El suicidio se convirtió en la principal causa de muerte entre los jóvenes de 15 a 34 años en Argentina, según un análisis presentado en el programa Infobae en Vivo al Amanecer. La directora del Centro de Asistencia al Suicida de Buenos Aires repasó la evolución de los casos registrados entre 2017 y 2025, un período en el que la tendencia mostró un crecimiento sostenido que preocupa a especialistas en salud mental de toda la región.
La especialista explicó que la prevención efectiva no depende únicamente de protocolos clínicos o intervenciones de emergencia, sino de algo mucho más cotidiano: la cercanía y la disponibilidad real para escuchar a quienes atraviesan un momento de crisis. Según planteó, muchas veces las señales de alerta están presentes semanas o meses antes de un desenlace fatal, pero pasan inadvertidas porque el entorno no sabe interpretarlas o no cuenta con las herramientas para actuar.
Entre esas señales, la directora del centro mencionó cambios abruptos en el comportamiento, aislamiento social progresivo, alteraciones en los patrones de sueño y alimentación, y comentarios o expresiones que hagan referencia a sentirse una carga para los demás o a la ausencia de futuro. La detección temprana de estos indicadores, sostuvo, puede marcar la diferencia entre una intervención a tiempo y una tragedia evitable.
El fenómeno no es exclusivo de Argentina. Organismos internacionales como la Organización Mundial de la Salud vienen señalando desde hace años que el suicidio es una de las principales causas de muerte entre adolescentes y adultos jóvenes a nivel global, superando en muchos países a los accidentes de tránsito y a ciertas enfermedades crónicas en ese rango de edad.
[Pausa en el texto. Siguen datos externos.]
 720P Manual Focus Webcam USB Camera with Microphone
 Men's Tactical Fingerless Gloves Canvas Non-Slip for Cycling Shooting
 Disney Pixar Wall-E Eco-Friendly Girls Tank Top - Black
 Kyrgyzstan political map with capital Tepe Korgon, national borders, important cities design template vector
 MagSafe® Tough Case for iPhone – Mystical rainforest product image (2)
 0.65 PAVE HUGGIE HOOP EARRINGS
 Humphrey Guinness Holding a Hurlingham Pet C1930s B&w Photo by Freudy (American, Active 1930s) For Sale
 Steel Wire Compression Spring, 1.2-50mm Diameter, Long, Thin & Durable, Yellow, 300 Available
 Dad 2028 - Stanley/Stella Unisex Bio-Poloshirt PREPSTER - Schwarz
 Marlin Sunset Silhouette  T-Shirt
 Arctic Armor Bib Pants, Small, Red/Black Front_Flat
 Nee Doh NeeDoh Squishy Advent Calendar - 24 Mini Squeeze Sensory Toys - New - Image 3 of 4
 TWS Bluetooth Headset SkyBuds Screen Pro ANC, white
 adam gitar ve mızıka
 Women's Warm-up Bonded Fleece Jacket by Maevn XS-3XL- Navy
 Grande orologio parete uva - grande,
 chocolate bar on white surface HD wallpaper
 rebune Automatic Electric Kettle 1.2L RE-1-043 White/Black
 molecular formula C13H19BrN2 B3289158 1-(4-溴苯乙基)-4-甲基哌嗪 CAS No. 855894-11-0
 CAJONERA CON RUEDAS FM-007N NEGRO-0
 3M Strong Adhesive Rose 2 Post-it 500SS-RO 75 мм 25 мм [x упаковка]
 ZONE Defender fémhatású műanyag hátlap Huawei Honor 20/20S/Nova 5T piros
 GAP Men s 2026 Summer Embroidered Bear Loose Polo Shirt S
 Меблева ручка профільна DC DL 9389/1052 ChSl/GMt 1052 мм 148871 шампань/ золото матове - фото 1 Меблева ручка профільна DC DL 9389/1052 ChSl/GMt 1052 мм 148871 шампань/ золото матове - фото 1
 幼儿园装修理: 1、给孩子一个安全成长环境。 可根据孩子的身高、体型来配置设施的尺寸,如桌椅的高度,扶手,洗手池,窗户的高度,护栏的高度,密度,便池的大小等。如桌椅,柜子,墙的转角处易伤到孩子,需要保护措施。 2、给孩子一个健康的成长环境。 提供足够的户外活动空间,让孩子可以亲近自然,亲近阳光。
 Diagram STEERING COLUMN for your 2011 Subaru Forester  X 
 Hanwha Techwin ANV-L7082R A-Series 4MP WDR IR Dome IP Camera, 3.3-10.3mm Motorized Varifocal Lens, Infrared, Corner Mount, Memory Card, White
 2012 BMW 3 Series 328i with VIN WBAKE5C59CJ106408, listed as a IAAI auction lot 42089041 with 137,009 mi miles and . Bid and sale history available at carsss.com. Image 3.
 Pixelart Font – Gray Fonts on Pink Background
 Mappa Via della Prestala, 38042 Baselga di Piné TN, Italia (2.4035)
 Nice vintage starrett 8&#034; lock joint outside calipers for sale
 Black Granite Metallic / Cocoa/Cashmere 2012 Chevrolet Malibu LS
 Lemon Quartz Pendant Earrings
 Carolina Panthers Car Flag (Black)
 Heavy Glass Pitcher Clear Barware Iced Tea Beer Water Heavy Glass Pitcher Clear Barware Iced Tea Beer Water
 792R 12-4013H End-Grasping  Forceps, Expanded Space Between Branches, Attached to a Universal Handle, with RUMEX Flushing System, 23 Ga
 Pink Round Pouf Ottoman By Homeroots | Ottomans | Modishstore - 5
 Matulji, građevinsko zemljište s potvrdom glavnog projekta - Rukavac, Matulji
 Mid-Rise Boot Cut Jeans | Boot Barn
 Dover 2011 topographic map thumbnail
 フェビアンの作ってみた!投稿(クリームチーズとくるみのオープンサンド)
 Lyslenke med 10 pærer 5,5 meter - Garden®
La pandemia de COVID-19 y sus efectos posteriores en el aislamiento, la incertidumbre económica y la salud mental de las nuevas generaciones aceleraron una tendencia que ya venía en ascenso.

En América Latina, el acceso a servicios de salud mental sigue siendo desigual y, en muchos casos, insuficiente frente a la demanda real. La falta de cobertura psicológica accesible, el estigma social que todavía rodea a estos temas y la escasez de programas de prevención en escuelas y espacios comunitarios son factores que dificultan una respuesta temprana. Para la comunidad latina que vive en Estados Unidos, esta realidad también resuena: los jóvenes de origen hispano enfrentan barreras adicionales, como el idioma, el costo de la atención médica y las diferencias culturales frente a la salud mental, que muchas veces retrasan la búsqueda de ayuda.
La especialista del centro porteño insistió en que la prevención no requiere necesariamente de formación profesional para ser efectiva a nivel comunitario. Estar disponible, preguntar de manera directa y sin miedo si alguien está pensando en hacerse daño, y acompañar sin juzgar son acciones que cualquier persona puede incorporar en su vínculo con familiares, amigos o compañeros de trabajo. Este tipo de intervención, conocida como primeros auxilios psicológicos, gana terreno en programas de capacitación comunitaria en distintos países.
El rol de las instituciones también fue parte del análisis. Escuelas, universidades y ámbitos laborales son señalados como espacios clave para detectar señales de alerta en etapas tempranas, dado que concentran gran parte del tiempo cotidiano de los jóvenes. La incorporación de protocolos de derivación, líneas de escucha y capacitación docente en salud mental aparece como una herramienta cada vez más solicitada por especialistas del sector.
En Argentina, líneas de ayuda como la del propio Centro de Asistencia al Suicida de Buenos Aires funcionan las 24 horas y de manera gratuita, ofreciendo un canal inmediato para quienes atraviesan una crisis o para quienes buscan orientación sobre cómo ayudar a otra persona. La difusión de estos recursos, remarcó la especialista, es tan importante como la capacitación individual, ya que muchas personas desconocen que existen espacios de contención disponibles en cualquier momento del día.
El crecimiento sostenido de los casos entre 2017 y 2025 pone en agenda la necesidad de políticas públicas integrales que aborden la salud mental juvenil desde una perspectiva preventiva y no solo reactiva. Especialistas consultados por distintos medios coinciden en que la inversión en programas comunitarios, la reducción del estigma y el acceso equitativo a la atención psicológica son pilares indispensables para revertir una tendencia que, lejos de estabilizarse, sigue en ascenso en gran parte de la región.